Dio ora li respinge perché il patto è violato. Come Gesù non parlò più della "casa del Padre mio", ma della "casa tua, lasciata a te desolata", così il Signore disse a Mosè: "il tuo popolo che hai allevato".

Ma cosa dobbiamo pensare della proposta di distruggerli e di fare di Mosè una grande nazione?

Dobbiamo imparare da essa la solenne realtà dell'intercessione, la potenza dell'uomo presso Dio, il quale non dice che li distruggerà, ma che li distruggerà se lasciato solo. Chi può dire, in ogni momento, quali calamità l'intercessione della Chiesa sta allontanando dal mondo o dalla nazione?

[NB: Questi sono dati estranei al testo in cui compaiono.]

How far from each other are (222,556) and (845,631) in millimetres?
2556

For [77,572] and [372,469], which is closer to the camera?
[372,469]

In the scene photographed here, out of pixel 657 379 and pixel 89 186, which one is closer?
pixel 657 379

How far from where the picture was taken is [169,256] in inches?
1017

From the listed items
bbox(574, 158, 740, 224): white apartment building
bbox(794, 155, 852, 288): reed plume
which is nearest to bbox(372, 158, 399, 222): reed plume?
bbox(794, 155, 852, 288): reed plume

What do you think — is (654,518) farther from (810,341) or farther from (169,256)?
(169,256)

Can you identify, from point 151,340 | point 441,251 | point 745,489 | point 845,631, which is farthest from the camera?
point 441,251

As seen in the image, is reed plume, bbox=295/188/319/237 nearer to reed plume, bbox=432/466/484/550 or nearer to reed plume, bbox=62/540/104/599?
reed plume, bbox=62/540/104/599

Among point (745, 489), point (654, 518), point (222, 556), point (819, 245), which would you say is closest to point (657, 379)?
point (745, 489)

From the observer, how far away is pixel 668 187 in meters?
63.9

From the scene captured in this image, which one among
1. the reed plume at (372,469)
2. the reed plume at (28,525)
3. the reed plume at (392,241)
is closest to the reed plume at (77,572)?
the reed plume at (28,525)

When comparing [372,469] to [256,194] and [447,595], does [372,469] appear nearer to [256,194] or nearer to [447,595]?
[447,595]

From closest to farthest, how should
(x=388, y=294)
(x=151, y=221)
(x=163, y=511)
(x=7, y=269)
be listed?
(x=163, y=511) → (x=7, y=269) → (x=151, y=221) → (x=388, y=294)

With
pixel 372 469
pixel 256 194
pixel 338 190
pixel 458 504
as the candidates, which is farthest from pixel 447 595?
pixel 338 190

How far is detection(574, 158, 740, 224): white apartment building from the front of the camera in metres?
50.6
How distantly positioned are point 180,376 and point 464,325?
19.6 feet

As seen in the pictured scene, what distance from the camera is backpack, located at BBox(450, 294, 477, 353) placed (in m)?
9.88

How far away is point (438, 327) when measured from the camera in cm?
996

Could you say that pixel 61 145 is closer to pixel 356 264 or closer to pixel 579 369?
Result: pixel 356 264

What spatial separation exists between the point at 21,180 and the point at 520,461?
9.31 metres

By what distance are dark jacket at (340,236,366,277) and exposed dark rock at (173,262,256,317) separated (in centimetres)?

La prima preghiera di Mosè è breve e intensa; c'è appello appassionato, cura per l'onore divino, ricordo dei santi morti per il cui bene i vivi potrebbero ancora essere risparmiati e assoluta dimenticanza di sé. Già la famiglia di Aronne era stata preferita alla sua, ma la prospettiva di monopolizzare la divina predestinazione non ha fascino per questo cuore fedele e patriottico. Non appena l'immediata distruzione è stata arrestata, si affretta a frenare gli apostati, fa loro esibire la follia della loro idolatria bevendo l'acqua in cui è stata sparsa la polvere del loro dio polverizzato; riceve le scuse abiette di Aaron, completamente distrutto dallo spirito e demoralizzato; e trovando fedeli i figli di Levi, li manda al massacro di tremila uomini.

Eppure questo è colui che ha detto: "O Signore, perché la tua ira è accesa contro il tuo popolo?" Lui stesso sentiva che era necessario tagliare in profondità, con misericordia, e senza dubbio anche con ira, perché il vero affetto non è inerte e inerte: è come l'oceano nella sua profondità, e anche nelle sue tempeste. E l'azione severa dei Leviti gli parve quasi un presagio; era la loro "consacrazione", l'inizio del loro servizio sacerdotale.

Di nuovo ritorna per intercedere; e se la sua preghiera deve fallire, allora la sua parte nella vita è finita: perisca anche lui tra gli altri. Perché questo è evidentemente ciò che intende e dice: non ha del tutto anticipato lo spirito di Cristo in Paolo disposto ad essere anatema per i suoi fratelli ( Romani 9:3 ), né l'idea di un sacrificio umano vicario gli è stata suggerita dal istituzioni del Santuario. Eppure con quanta gioia sarebbe morto per il suo popolo, che ha chiesto di morire in mezzo a loro!

Con quanta nobiltà egli prefigura, non proprio la dottrina cristiana, ma l'amore di Cristo che morì per l'uomo, che dal monte della Trasfigurazione, come Mosè dal Sinai, discese (mentre Pietro avrebbe indugiato) per portare i peccati dei suoi fratelli! Quanto è superiore all'inno cristiano che non dice nulla che valga un pensiero, se non come rendere sicura la mia elezione.